> DATA
┄┄┄┄┄┄┄┄┄┄

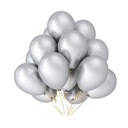 Латексные шары серебристого цвета с эффектом металлик - 25 шт.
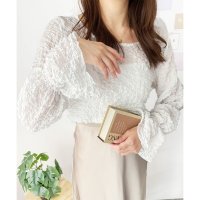 Amulet/アミュレット Amulet ワッシャータッチボリュームブラウス ブラウス シアー オフィス きれいめ 韓国 ファッション レディース 春夏 フリル袖 体型カバー/508324358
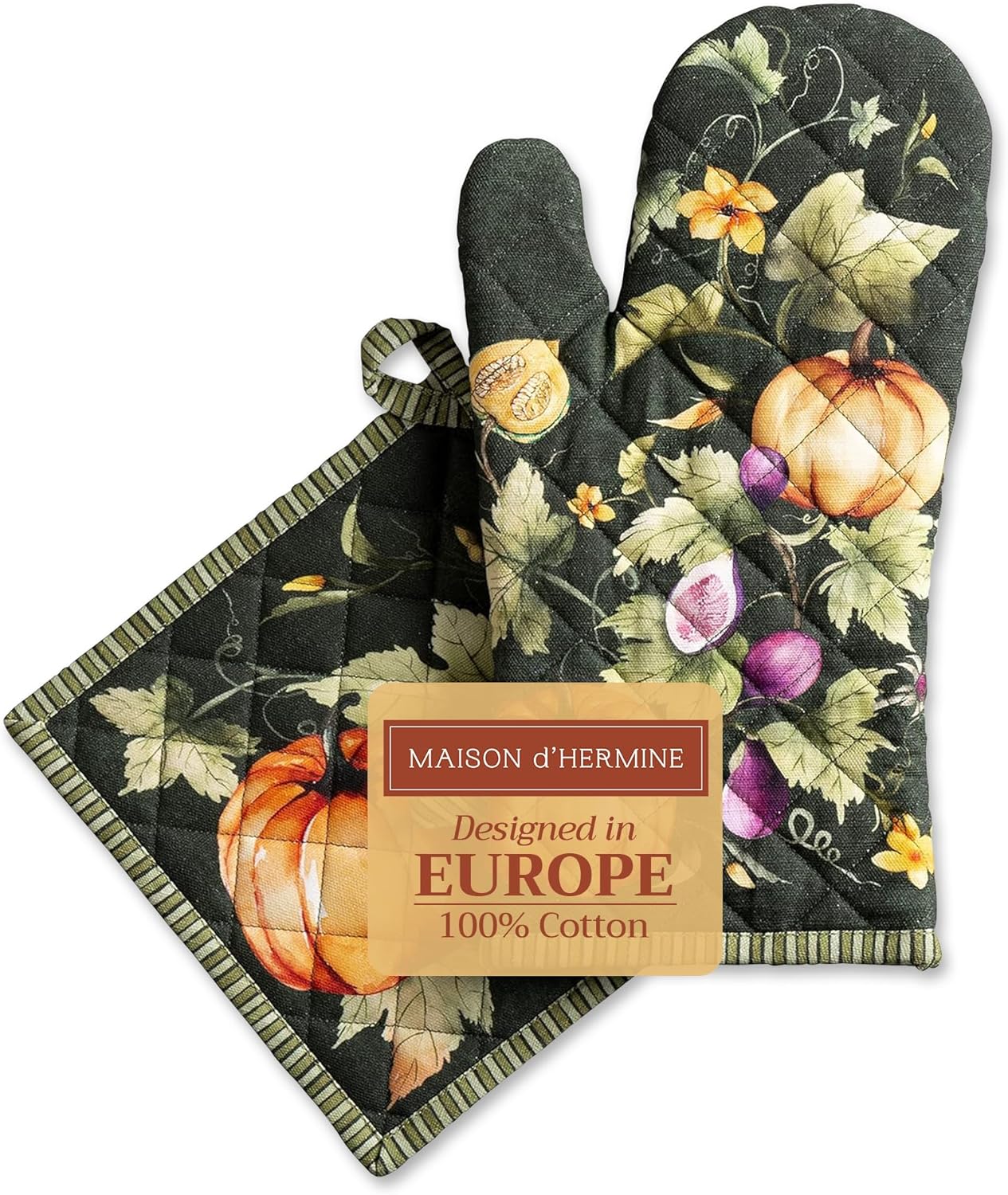 Maison d' Hermine 100% Cotton Oven Mitt & Pot Holder Set (7.5"x13" & 8"x8") Heat Resistant BBQ Cooking Gloves with Loop, Baking, Grilling, Kitchen, Handling Hot Pans (Pumpkin Garden - Dark Green)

┄┄┄┄┄┄┄┄┄┄

> ABOUT THIS TASK
The listing is to be repeated word for word, with all pictures omitted.

> RESULT OF THIS EXERCISE
 Латексные шары серебристого цвета с эффектом металлик - 25 шт.
 Amulet/アミュレット Amulet ワッシャータッチボリュームブラウス ブラウス シアー オフィス きれいめ 韓国 ファッション レディース 春夏 フリル袖 体型カバー/508324358
 Maison d' Hermine 100% Cotton Oven Mitt & Pot Holder Set (7.5"x13" & 8"x8") Heat Resistant BBQ Cooking Gloves with Loop, Baking, Grilling, Kitchen, Handling Hot Pans (Pumpkin Garden - Dark Green)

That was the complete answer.